WORK TASK
Below are some records. Return exactly their lines from the one containing "VT license plate WIQ097" through the one containing "May include: A", and drop the pictures.

EXERCISE INPUT
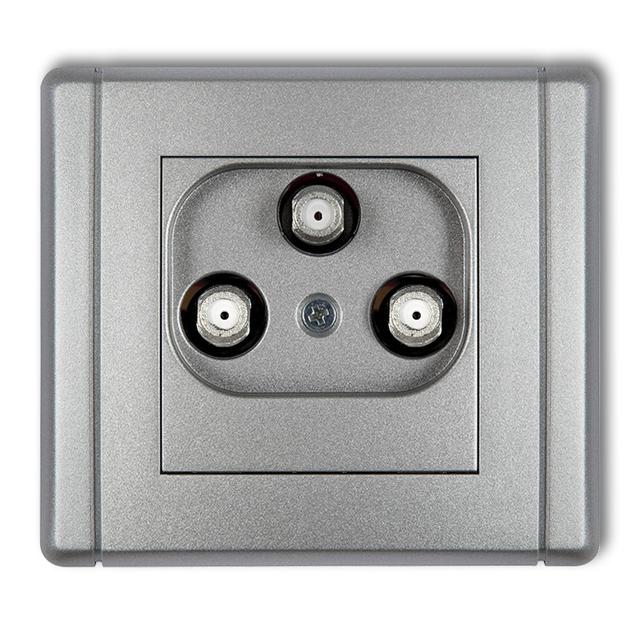 FLEXI Gniazdo multimedialne 3F DATA (UPC) srebrny metalik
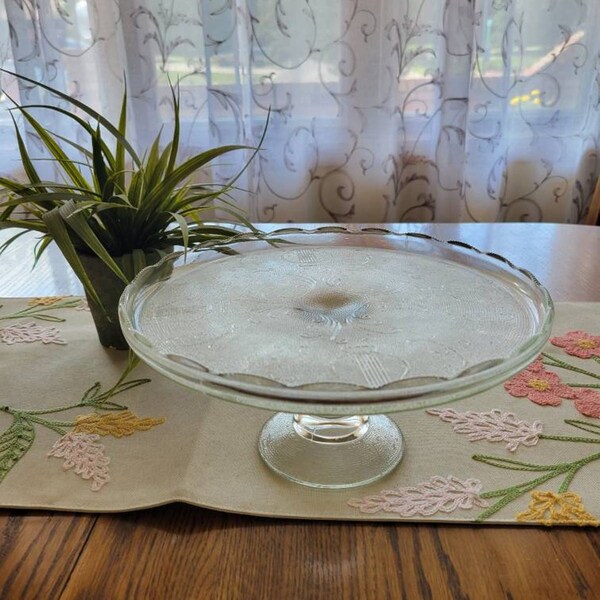 Vintage Jeannette Harp, Cake Stand, Pedestal Plate, Glass Clear Serving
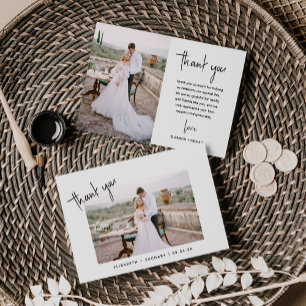 Cartão De Agradecimento Casamento Minimalista Moderno com 2 Fotos em Scrip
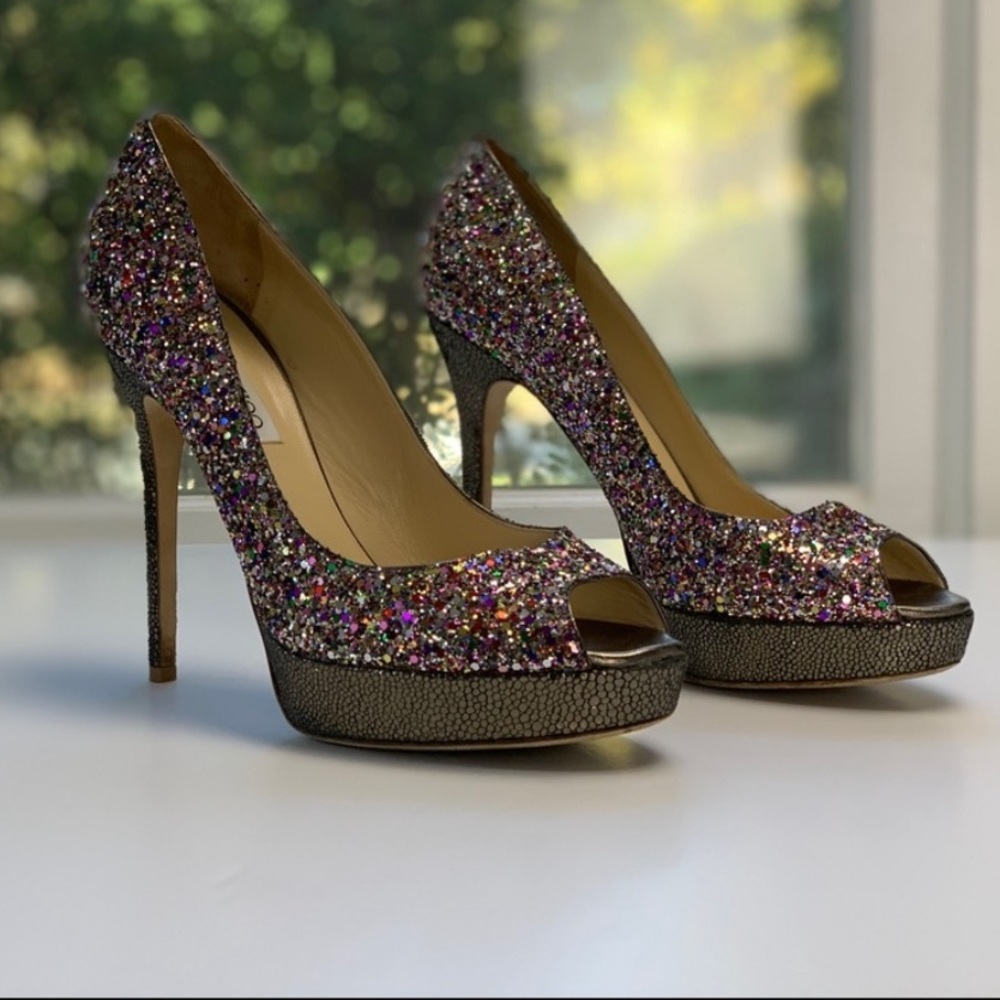 Jimmy Choo glitter peep toe pumps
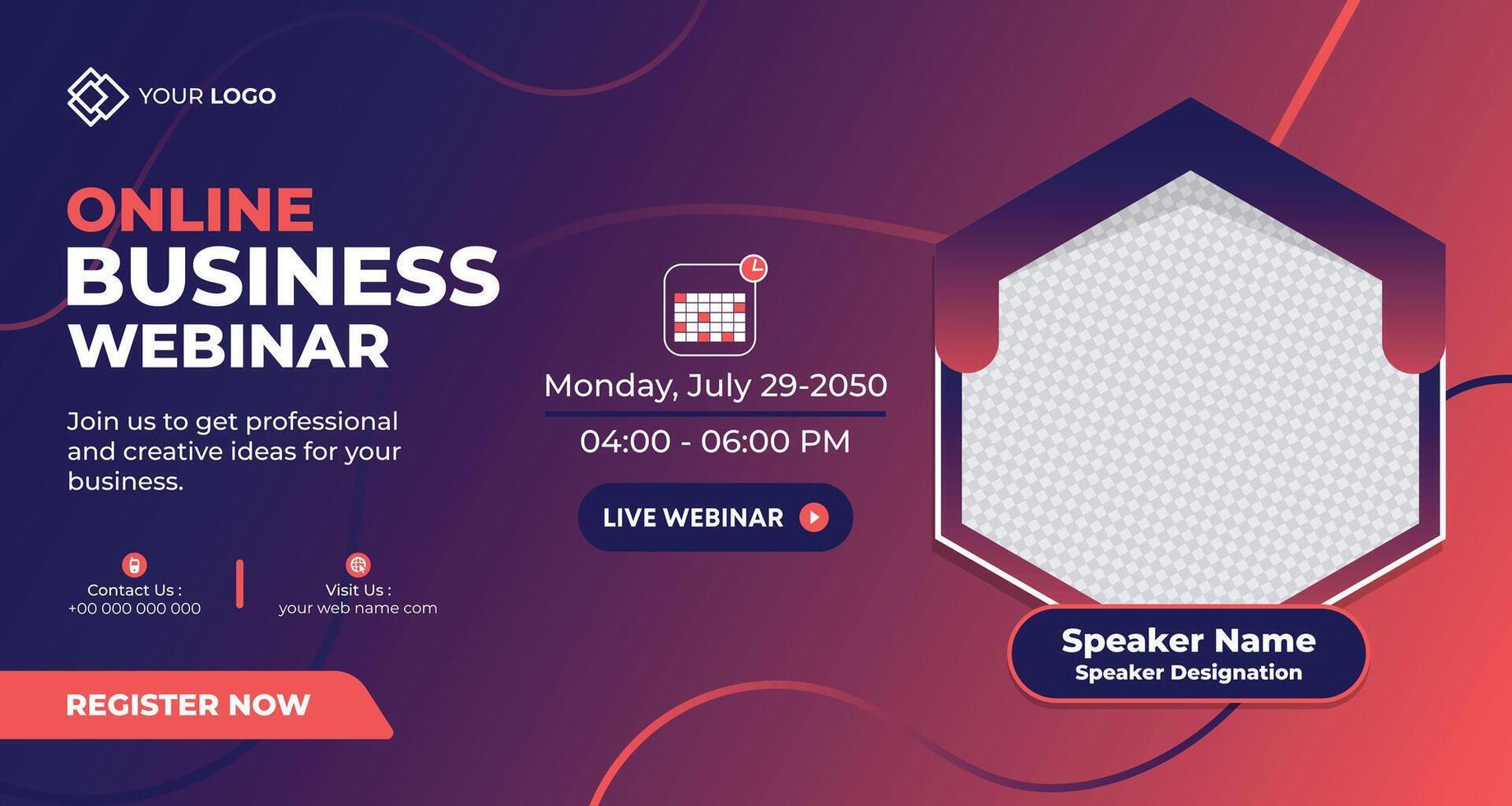 Creative online business webinar template with vibrant red and purple theme, featuring hexagonal placeholders for speakers vector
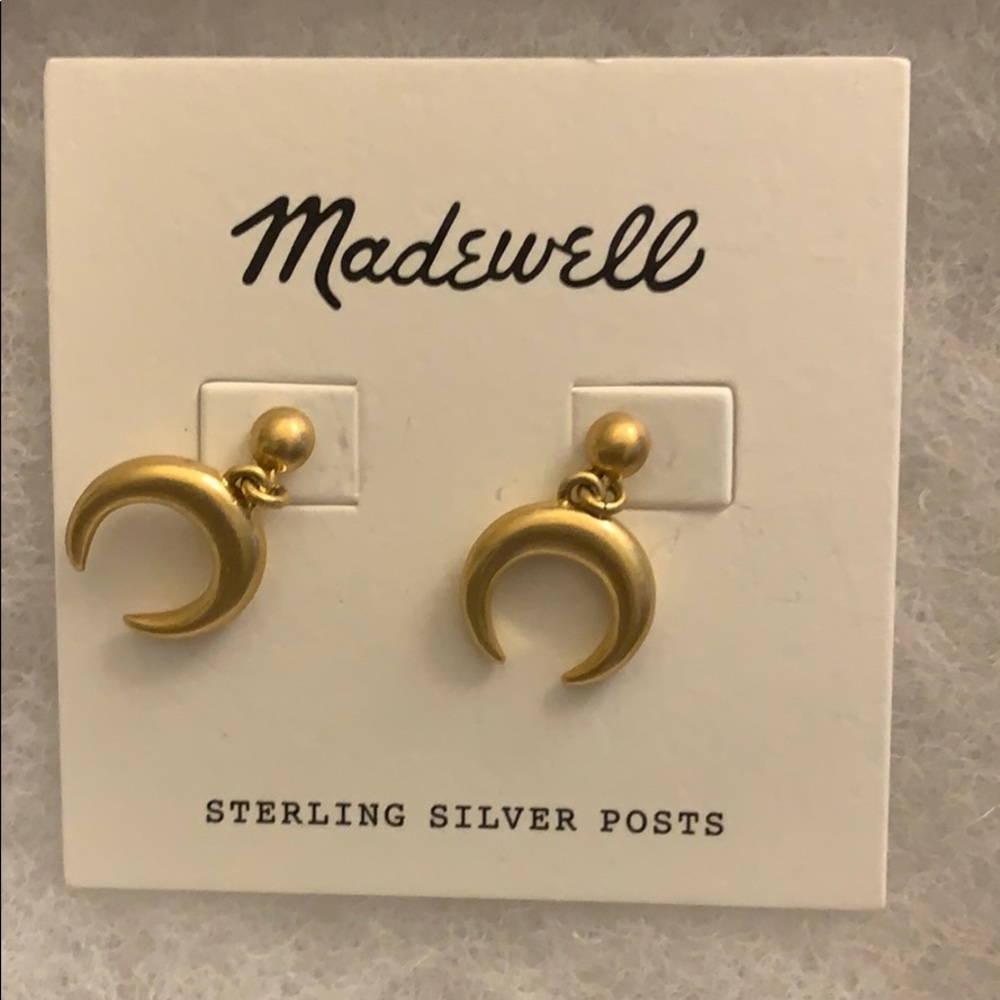 Madewell Chunky Crescent Moon Drop Earrings - Picture 5 of 6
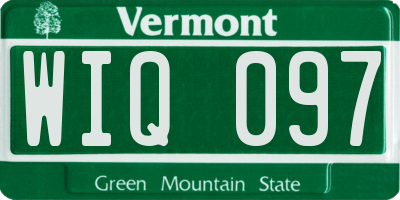 VT license plate WIQ097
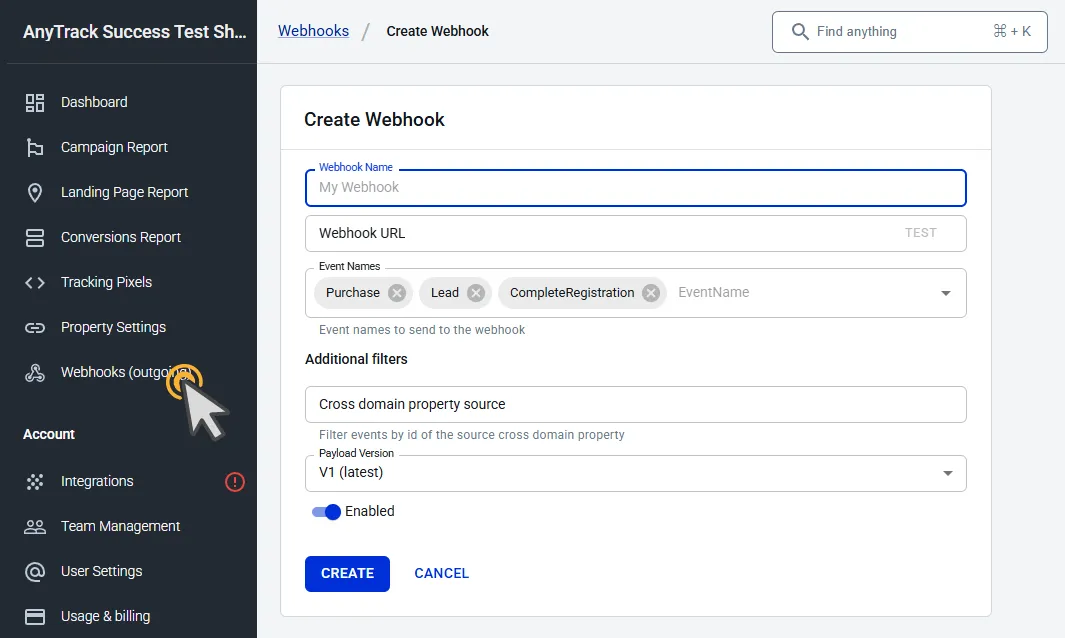 AnyTrack documentation screenshot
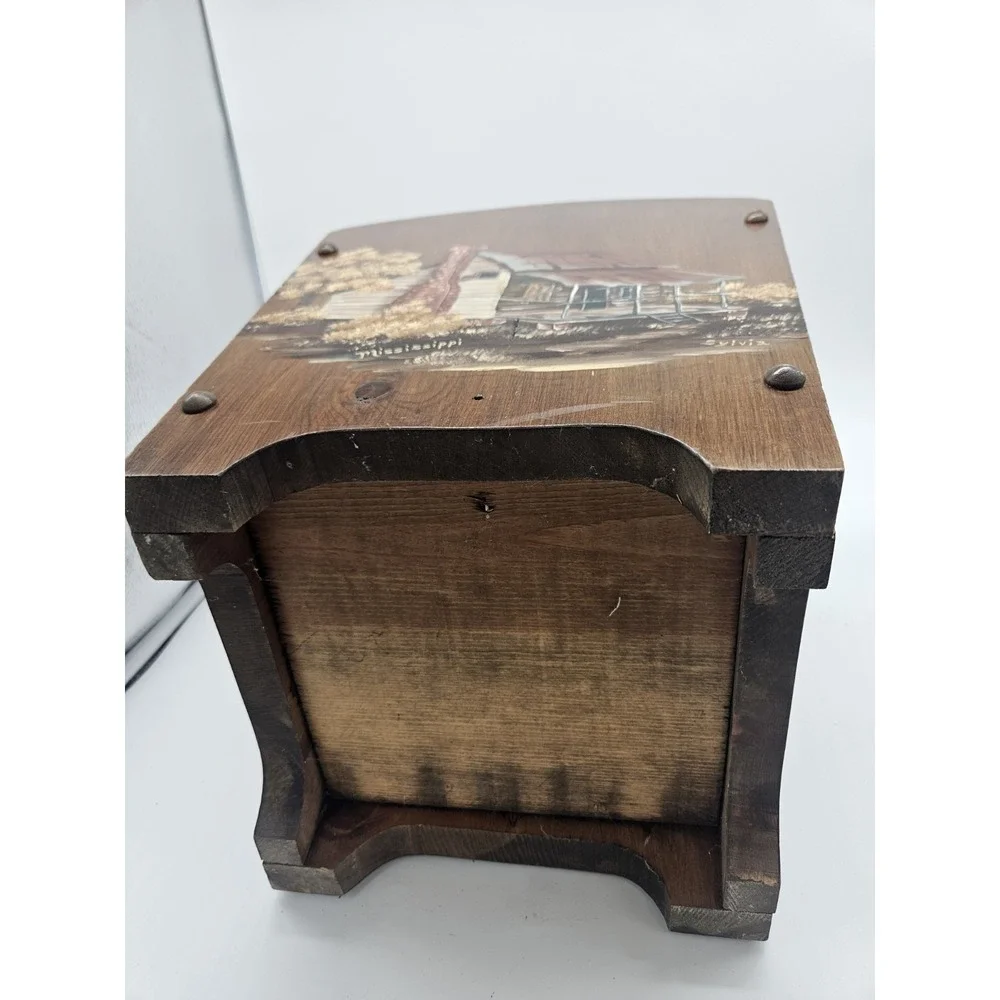 Handpainted Heavy Wooden Wastebasket / Storage Box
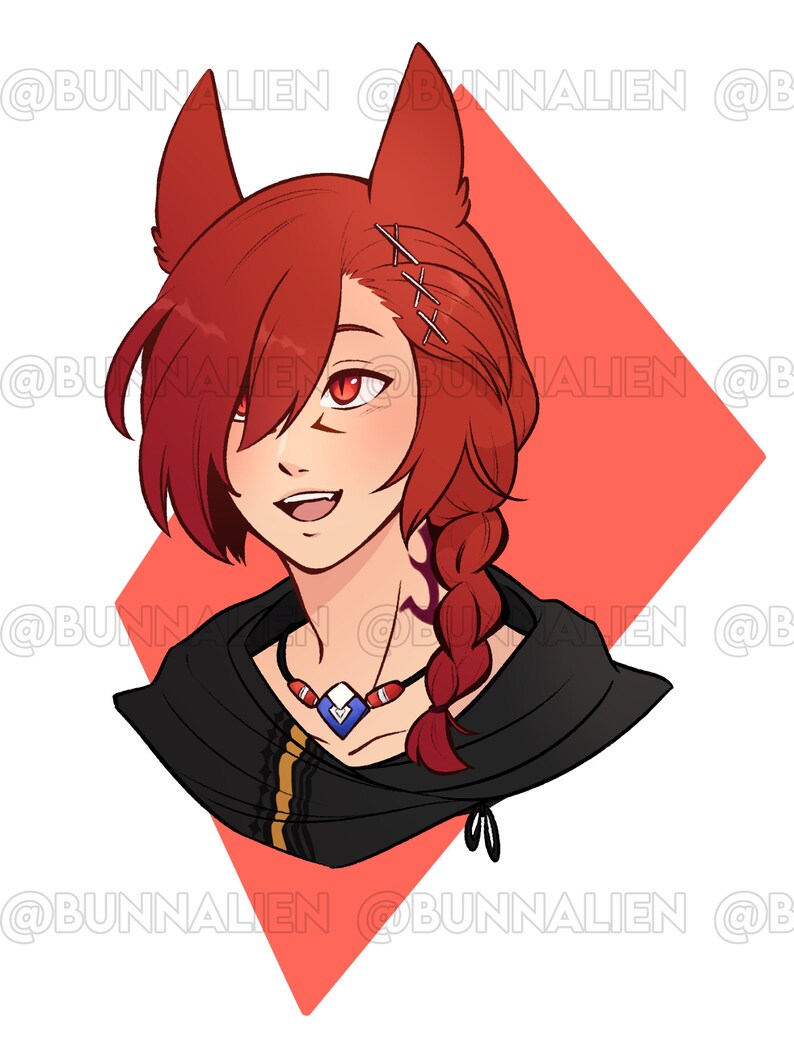 May include: A red-haired character with fox ears and a black hooded jacket. They are wearing a blue and red necklace with a white pendant. The character has a braid in their hair and is smiling.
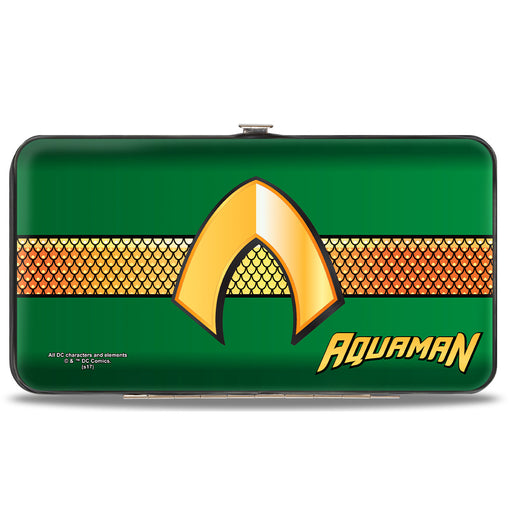 Hinged Wallet - AQUAMAN Classic Icon Scales Stripe Green Golds Hinged Wallets DC Comics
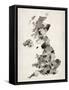 Great Britain UK Watercolor Map-Michael Tompsett-Framed Stretched Canvas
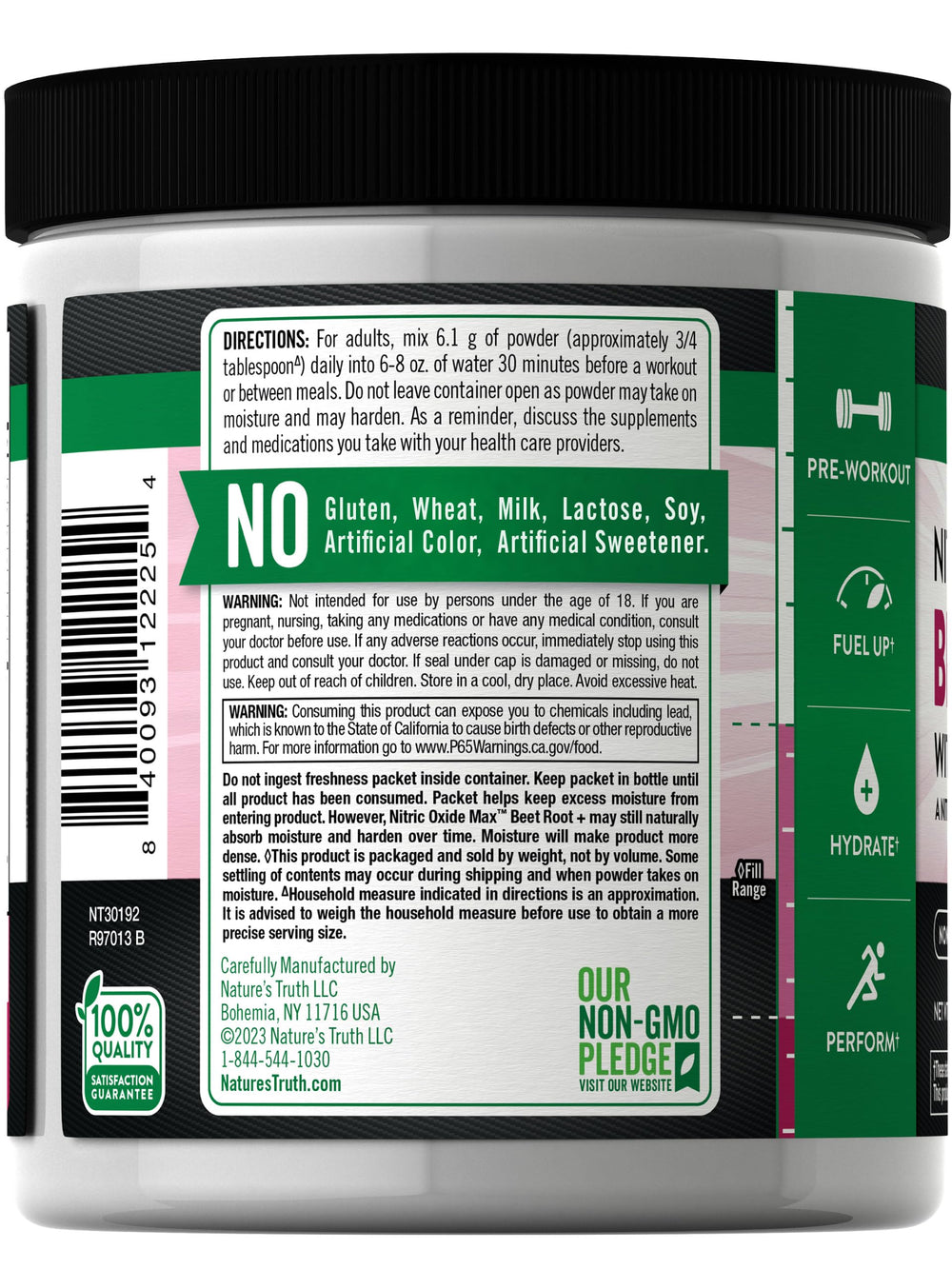 Nature's Truth Beet Root Powder mixed berry in glass, ready to mix with water.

EXERCISE RESPONSE
 VT license plate WIQ097
 AnyTrack documentation screenshot
 Handpainted Heavy Wooden Wastebasket / Storage Box
 May include: A red-haired character with fox ears and a black hooded jacket. They are wearing a blue and red necklace with a white pendant. The character has a braid in their hair and is smiling.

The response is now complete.